Dear Black Nerdy Alternative Teens,

Shout how awesome you are from the rooftops. Dye your hair green, wear unicorn colored braids, play Magic along the hallways of your school, play YuGiOh in the cafeteria. Listen to J-Rock, House, Metal, K-Pop, and country. Become STEM majors, paint your nails black, study Korean, wear Lolita and Visual Kei, start anime clubs. Most importantly never be ashamed.

I was you…so I understand.

Now don’t get me wrong, I’m not saying that it will be easy. Walking down school halls wearing all black with chains, in a school full of people who don’t dress like you, is hard. Choosing to go against the tide when everyone is swimming with it, is hard, but totally worth it. At the end of the day, the one thing I loved about high school was choosing me, over anything else. I could have tried to fit in, or even succeeded at wearing a mask day in and day out. But although I like acting, I don’t like doing it as a part of my life. You may have to consistently fight to be you, and yes it may be hard, and yes, you may have to fight every day, but there is only one alternative.

You could secretly watch anime, change your dialect, hide your love of bright colors or black, turn down your K-pop, or hide your love of Star Trek. People do it; I knew multiple people who liked anime in high school but hid it from the masses because their reputation was more important to them than their truth. You could do this until you forget who you are, but it will never be worth it.

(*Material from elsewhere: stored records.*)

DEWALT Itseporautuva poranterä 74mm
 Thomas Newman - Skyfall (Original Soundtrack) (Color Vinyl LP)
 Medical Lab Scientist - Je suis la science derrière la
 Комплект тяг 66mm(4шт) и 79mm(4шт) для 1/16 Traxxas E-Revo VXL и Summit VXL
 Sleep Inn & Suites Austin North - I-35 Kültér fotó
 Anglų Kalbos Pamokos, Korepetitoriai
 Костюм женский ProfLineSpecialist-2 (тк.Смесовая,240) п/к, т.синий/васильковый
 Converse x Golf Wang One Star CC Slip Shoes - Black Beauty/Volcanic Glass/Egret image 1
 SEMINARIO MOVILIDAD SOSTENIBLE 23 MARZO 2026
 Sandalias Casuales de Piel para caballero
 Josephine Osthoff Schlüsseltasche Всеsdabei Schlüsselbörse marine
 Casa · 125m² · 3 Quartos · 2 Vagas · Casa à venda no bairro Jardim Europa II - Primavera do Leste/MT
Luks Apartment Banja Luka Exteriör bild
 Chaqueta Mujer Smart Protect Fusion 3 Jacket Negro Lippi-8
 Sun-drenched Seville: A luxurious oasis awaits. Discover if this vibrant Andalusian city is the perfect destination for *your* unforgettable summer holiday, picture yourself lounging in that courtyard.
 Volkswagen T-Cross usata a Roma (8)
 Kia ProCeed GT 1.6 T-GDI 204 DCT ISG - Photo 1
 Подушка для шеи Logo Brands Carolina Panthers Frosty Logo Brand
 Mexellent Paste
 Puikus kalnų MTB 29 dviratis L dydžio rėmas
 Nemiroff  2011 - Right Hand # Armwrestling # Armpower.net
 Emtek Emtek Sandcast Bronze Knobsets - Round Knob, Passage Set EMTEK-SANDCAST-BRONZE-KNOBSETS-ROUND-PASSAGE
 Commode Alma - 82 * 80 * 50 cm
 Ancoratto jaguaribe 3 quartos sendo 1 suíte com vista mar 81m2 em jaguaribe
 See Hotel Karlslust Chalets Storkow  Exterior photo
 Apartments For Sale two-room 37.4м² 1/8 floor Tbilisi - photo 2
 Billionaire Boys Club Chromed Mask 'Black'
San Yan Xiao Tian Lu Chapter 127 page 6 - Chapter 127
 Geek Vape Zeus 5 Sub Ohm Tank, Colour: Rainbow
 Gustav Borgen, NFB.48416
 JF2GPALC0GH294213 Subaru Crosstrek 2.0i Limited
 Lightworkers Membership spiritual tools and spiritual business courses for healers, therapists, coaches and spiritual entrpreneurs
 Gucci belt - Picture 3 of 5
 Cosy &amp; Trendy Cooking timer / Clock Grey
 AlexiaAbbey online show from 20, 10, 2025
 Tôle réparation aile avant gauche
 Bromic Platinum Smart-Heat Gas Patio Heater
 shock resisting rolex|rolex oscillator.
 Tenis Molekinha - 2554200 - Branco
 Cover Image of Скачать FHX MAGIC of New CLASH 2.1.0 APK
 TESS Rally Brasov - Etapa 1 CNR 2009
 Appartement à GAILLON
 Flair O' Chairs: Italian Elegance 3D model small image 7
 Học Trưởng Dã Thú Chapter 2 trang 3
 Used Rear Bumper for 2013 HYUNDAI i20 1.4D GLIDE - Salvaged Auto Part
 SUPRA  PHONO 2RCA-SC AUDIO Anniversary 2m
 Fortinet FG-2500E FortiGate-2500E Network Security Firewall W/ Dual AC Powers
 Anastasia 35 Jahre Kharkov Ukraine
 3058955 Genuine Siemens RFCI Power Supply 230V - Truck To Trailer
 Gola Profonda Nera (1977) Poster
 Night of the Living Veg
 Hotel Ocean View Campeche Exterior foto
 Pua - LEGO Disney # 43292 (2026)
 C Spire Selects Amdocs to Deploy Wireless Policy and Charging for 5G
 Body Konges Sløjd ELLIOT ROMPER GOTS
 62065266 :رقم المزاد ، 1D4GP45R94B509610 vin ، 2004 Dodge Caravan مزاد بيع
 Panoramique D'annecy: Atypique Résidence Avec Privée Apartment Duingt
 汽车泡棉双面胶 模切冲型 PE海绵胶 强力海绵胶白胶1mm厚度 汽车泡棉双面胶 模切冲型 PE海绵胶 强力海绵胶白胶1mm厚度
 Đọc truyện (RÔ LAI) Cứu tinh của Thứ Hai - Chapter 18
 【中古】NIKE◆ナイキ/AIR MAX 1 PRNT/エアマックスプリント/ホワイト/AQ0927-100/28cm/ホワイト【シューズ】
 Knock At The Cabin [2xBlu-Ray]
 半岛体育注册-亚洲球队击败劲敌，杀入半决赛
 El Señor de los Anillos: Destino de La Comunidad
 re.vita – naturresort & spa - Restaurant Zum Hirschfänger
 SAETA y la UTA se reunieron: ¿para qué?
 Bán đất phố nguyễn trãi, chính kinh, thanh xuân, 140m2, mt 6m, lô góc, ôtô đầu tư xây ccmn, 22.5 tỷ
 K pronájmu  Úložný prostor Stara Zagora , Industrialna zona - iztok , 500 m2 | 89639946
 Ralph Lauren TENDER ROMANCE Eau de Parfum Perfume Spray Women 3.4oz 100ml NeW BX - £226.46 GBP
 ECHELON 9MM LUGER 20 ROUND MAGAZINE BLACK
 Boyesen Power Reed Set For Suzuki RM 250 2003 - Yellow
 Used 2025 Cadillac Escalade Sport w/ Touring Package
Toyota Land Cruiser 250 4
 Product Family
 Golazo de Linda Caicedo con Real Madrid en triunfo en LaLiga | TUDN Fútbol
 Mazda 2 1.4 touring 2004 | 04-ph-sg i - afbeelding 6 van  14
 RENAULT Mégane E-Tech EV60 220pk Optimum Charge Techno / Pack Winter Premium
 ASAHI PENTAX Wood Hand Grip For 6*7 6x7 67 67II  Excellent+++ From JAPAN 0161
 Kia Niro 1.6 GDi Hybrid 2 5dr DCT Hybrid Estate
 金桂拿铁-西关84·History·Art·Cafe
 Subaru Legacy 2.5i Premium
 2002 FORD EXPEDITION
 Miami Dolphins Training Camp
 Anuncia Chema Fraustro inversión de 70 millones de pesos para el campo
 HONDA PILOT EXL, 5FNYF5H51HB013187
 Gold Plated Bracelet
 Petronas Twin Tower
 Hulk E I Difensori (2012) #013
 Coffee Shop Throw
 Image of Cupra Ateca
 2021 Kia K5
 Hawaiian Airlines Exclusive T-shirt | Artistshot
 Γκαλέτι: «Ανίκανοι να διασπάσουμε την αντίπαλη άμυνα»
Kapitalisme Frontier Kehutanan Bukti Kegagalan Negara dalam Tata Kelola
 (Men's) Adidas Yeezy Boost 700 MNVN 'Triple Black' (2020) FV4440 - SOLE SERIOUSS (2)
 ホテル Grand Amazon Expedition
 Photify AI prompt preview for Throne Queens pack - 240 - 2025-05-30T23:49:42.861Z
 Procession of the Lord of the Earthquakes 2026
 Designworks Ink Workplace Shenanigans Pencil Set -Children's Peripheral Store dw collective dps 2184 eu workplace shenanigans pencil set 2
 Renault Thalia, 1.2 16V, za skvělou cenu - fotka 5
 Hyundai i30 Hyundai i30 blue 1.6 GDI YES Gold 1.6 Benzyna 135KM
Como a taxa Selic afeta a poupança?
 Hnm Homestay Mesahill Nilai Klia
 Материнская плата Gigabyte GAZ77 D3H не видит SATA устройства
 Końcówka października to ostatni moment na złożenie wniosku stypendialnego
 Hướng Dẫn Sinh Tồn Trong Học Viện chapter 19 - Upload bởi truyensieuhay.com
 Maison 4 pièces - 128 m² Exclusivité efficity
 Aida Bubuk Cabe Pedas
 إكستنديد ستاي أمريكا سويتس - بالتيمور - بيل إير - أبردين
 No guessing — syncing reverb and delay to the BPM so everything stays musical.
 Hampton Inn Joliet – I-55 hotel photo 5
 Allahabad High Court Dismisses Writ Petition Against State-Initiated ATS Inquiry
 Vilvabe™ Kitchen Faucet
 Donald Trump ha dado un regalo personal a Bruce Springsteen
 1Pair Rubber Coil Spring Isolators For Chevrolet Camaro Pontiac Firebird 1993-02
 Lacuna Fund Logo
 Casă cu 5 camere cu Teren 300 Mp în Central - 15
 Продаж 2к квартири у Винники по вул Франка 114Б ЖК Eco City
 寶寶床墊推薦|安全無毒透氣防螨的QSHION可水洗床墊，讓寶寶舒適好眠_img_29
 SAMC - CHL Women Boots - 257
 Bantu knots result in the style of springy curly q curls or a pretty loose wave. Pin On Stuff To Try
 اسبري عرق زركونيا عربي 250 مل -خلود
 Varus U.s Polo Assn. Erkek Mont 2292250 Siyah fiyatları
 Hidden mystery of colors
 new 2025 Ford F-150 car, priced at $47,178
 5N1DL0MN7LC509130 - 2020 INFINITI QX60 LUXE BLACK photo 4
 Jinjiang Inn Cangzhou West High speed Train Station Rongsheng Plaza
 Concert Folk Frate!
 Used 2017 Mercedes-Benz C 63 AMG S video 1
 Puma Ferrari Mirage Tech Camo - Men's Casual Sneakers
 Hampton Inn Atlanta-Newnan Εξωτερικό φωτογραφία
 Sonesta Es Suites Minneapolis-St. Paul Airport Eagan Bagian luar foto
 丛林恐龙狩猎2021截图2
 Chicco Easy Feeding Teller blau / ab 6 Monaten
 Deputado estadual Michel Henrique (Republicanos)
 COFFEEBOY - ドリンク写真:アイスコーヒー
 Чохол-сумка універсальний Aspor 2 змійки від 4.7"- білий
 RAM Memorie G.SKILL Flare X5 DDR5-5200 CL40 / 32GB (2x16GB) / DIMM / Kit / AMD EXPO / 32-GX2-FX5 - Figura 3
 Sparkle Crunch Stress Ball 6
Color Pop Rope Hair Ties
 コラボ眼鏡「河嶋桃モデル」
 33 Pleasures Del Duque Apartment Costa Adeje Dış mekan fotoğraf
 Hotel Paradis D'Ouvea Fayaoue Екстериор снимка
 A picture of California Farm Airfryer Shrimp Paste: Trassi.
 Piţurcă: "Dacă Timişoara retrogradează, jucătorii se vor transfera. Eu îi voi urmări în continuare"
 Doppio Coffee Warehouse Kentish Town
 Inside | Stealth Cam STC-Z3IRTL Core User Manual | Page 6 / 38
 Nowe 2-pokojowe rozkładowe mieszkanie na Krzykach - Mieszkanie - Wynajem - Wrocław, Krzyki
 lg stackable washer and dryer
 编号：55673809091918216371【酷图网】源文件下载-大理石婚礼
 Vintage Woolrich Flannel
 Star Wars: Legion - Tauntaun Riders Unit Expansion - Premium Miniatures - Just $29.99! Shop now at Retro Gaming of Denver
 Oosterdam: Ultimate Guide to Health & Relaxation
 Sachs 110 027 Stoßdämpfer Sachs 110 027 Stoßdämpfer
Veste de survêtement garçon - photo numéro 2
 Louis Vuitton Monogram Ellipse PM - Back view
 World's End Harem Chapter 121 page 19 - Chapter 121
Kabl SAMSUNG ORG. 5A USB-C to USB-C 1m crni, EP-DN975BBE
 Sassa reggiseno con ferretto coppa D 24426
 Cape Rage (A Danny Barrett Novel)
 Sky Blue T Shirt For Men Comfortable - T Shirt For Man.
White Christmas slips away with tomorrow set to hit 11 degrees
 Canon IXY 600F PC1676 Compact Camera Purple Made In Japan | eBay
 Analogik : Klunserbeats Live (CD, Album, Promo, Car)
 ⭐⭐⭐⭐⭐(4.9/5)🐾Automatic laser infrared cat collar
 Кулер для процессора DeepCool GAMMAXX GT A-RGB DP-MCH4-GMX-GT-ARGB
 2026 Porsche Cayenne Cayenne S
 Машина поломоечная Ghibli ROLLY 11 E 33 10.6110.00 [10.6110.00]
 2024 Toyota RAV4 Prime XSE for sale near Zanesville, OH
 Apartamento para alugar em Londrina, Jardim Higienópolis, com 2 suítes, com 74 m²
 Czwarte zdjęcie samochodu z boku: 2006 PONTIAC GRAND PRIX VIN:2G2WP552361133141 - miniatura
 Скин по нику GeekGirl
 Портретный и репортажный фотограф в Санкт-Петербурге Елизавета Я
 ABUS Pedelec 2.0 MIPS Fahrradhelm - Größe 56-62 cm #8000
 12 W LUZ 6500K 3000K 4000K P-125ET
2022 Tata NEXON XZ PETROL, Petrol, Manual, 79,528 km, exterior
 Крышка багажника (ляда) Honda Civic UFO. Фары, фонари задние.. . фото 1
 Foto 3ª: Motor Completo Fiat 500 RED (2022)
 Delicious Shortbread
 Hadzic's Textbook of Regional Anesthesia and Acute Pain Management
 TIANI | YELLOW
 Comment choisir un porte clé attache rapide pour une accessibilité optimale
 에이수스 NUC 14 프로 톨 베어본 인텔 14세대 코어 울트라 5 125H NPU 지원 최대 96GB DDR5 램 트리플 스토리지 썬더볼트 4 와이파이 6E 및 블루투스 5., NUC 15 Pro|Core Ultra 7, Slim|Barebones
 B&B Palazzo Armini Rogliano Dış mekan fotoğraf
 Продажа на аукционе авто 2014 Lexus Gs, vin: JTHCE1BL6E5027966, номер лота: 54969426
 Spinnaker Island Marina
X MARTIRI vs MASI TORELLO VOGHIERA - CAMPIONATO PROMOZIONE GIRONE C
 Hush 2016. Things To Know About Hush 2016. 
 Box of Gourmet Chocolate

You could pretend not to be smart; you could hide what you love. You could do all of this, and you know what, you still may not be excepted or maybe you will be, maybe people will love this mask you wear for them, but that isn’t the point. It´s how you feel about yourself when you´re home, and no one is there to judge you, how you feel, is all that really matters. Getting picked on for being yourself is hard, but so is pretending. And at the end of the day, I guarantee you; you will find others. We are all around you, the sheer amount of Facebook groups and sites should let you know you are NEVER alone. The older I get, the more people I know who don´t fit the mold that we´re all supposed to fit within. Sometimes it will be hard. It won’t just be at school; it will be people at home, your parents, siblings, uncles, and aunts who don´t get you. Give them time, eventually like so many others our families they´ll see. That this is you it´s not a phase, but who we are. Or maybe they’ll never get it, that happens too. The important thing is to build friendships with people who do.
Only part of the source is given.